O Estadão apurou que essas informações já estão em poder da Polícia Federal, no âmbito do inquérito que apura o caso das joias. Os detalhes foram narrados aos delegados em um depoimento prestado por uma funcionária do Gabinete Adjunto de Documentação Histórica (GADH) que atuava no setor durante a gestão Bolsonaro. Esse departamento presta serviços ao Gabinete Pessoal da Presidência da República e é responsável pela recepção e triagem dos presentes oficiais.
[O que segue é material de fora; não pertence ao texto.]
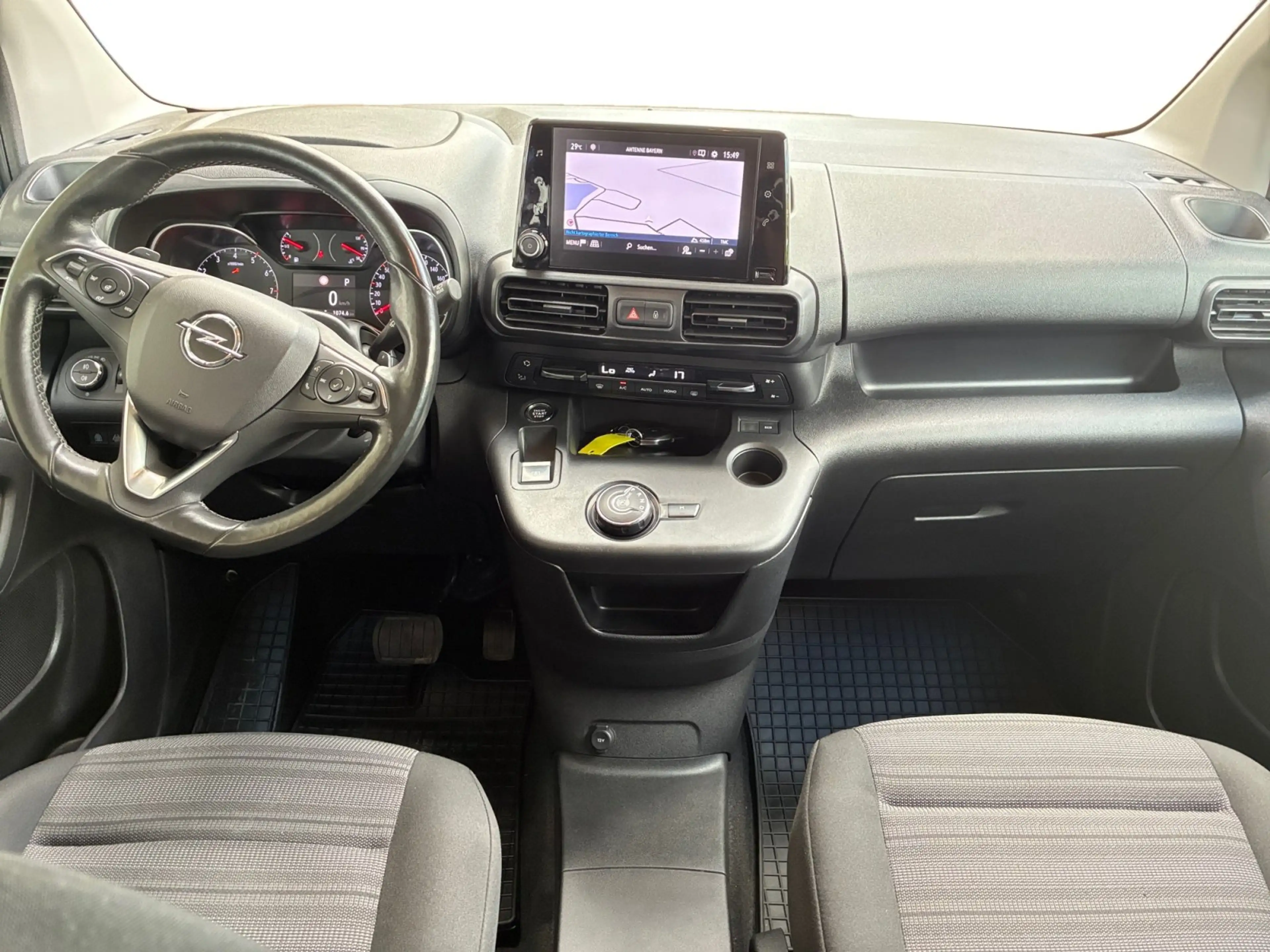 Opel Combo Life Ultimate AUTOMATIK NAVI CARPLAY — photo 12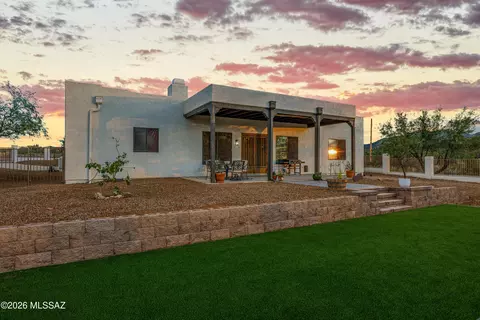 Exterior - 1 N Larkin Dr, Vail, AZ 85641 photo 1 of 10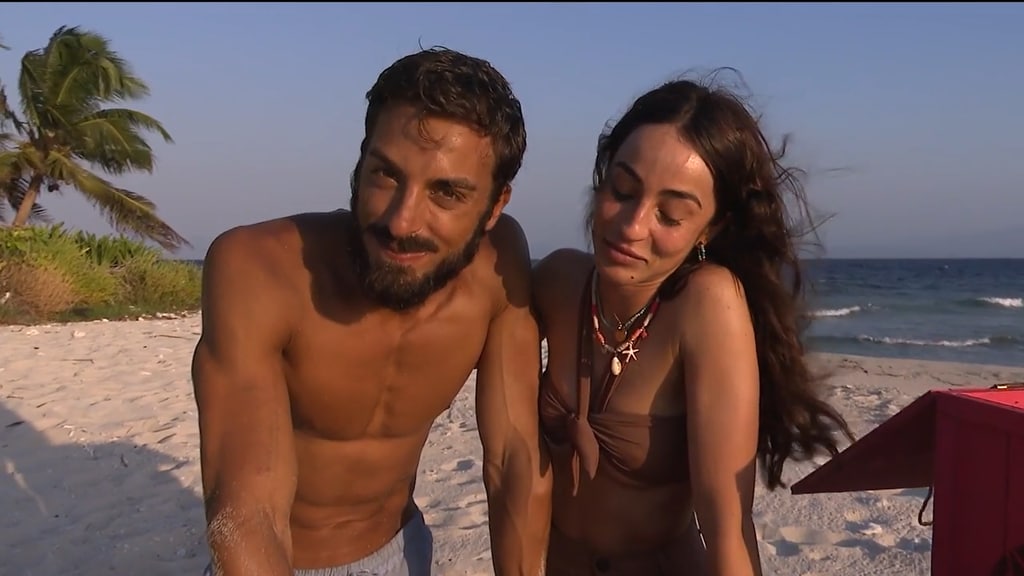 Ana Solma visita a su pareja Borja Gozález en Supervivientes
O segundo kit de joias chegou ao Brasil pelas mãos da comitiva do então ministro de Minas e Energia (MME), Bento Albuquerque, em outubro de 2021, e entrou ilegalmente no País, burlando a Receita Federal. O estojo de cinco itens inclui um relógio da marca Chopard que custa cerca de R$ 800 mil. O modelo suíço, conhecido como L.U.C. Tourbillon Qualité Fleurier Fairmined, teve apenas 25 unidades produzidas em todo o mundo. As outras quatro joias são uma caneta, um anel, um par de abotoaduras e um rosário, todos em ouro cravejado de diamantes.
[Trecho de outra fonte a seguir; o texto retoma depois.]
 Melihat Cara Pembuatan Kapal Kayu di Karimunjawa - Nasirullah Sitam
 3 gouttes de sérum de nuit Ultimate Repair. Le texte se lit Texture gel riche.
Estimativa iniciais apontam que o valor desse kit ultrapassa facilmente a cifra de R$ 1 milhão. À Polícia Federal, o Departamento de Documentação Histórica declarou que o conjunto, quando despachado para o Palácio da Alvorada, chegou a ser estimado em cerca de US$ 500 mil, o que equivale a R$ 2,5 milhões.
Desde que o escândalo foi revelado pelo Estadão em 3 de março, Michelle tem negado conhecimento sobre as joias presenteadas pelos sauditas. As revelações colocam a ex-primeira-dama diretamente dentro do caso e mostram que não era apenas Bolsonaro que tinha conhecimento dos presentes. A reportagem procurou a assessoria de Michelle Bolsonaro e aguarda um posicionamento.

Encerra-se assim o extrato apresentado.